Content
37%Reviews the quality of instructions and guidance provided to agents. Good implementation is clear, handles edge cases, and produces reliable results.
This skill reads as a REST API cheat sheet covering conventions Claude already knows well (HTTP methods, status codes, resource naming). It lacks a design workflow or decision-making process that would add genuine value, and provides no executable implementation code. The content is well-structured but largely redundant for an LLM with strong existing knowledge of REST conventions.
Suggestions
Add a step-by-step workflow for designing an API: e.g., 1) identify resources, 2) define relationships, 3) choose response format, 4) document with OpenAPI — with validation checkpoints.

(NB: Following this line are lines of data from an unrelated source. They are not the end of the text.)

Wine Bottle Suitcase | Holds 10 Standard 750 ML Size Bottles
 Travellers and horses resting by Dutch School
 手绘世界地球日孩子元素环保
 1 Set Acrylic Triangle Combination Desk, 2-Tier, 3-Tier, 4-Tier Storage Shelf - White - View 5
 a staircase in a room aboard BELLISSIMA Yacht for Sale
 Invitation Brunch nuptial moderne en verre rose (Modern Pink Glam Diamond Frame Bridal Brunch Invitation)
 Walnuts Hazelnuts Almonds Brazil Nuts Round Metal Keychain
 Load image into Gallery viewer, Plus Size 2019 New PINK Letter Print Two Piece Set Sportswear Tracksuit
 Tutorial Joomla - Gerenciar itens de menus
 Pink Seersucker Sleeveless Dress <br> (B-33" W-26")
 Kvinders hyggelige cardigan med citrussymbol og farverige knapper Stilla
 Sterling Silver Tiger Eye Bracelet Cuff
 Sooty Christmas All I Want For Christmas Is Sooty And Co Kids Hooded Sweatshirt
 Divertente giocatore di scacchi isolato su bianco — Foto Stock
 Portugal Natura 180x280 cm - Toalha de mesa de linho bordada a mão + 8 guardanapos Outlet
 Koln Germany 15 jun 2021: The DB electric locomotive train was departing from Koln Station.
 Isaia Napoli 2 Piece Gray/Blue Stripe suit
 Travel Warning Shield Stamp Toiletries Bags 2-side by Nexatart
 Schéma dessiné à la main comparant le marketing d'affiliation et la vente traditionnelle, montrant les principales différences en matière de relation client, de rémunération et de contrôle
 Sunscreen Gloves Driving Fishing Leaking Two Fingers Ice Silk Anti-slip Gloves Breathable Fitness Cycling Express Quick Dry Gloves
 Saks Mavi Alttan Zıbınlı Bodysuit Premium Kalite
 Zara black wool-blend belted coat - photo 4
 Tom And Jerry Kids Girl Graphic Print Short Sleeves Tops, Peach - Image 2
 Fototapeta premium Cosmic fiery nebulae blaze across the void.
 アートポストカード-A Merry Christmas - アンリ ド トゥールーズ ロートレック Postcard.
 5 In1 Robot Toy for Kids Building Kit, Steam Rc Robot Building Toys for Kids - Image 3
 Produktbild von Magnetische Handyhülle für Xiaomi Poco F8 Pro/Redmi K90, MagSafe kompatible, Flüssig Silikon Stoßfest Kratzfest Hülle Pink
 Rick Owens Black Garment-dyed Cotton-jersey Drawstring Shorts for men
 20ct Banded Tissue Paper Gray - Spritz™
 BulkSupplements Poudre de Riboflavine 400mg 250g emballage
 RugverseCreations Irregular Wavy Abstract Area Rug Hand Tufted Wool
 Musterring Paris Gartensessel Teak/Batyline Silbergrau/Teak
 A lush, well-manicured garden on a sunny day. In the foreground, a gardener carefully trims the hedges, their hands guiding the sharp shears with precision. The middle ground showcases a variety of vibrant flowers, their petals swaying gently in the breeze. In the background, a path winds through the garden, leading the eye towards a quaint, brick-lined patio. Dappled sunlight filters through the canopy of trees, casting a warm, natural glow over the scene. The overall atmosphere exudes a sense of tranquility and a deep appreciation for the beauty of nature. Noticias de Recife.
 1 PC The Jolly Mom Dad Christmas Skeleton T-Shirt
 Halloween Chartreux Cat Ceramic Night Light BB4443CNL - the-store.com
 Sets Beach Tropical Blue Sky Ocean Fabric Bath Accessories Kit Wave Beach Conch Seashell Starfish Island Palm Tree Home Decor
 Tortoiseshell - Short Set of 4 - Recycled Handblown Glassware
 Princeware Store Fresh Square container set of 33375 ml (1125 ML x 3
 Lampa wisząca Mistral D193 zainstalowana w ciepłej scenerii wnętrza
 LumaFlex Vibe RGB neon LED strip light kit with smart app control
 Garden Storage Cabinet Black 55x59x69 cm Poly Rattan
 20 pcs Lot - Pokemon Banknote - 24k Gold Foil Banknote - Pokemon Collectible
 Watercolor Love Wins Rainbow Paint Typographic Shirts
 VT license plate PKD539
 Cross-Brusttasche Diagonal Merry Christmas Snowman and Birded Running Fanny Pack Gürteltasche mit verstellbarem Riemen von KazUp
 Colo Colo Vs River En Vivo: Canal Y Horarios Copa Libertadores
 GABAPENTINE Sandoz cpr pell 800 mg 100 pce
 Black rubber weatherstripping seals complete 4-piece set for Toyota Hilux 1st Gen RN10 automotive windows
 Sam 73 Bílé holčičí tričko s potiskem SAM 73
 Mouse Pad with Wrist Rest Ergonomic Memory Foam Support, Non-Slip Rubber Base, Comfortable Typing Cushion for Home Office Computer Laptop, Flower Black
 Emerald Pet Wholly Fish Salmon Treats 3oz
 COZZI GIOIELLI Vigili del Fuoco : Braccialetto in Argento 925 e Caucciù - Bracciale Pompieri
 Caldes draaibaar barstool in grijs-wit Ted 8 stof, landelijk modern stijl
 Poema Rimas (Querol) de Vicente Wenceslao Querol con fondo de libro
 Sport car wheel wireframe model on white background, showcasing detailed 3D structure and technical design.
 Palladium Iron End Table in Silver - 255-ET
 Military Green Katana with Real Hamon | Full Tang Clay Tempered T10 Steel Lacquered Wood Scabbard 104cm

Focus content on non-obvious decisions and tradeoffs Claude might not default to correctly (e.g., when to use PUT vs PATCH, nested vs flat resources, error response conventions specific to the project).
Include executable code examples showing actual route handler implementations in a framework, rather than just URL pattern listings.
Remove or drastically condense the HTTP methods and status codes tables, as these are basic knowledge Claude already has — replace with project-specific conventions or edge cases.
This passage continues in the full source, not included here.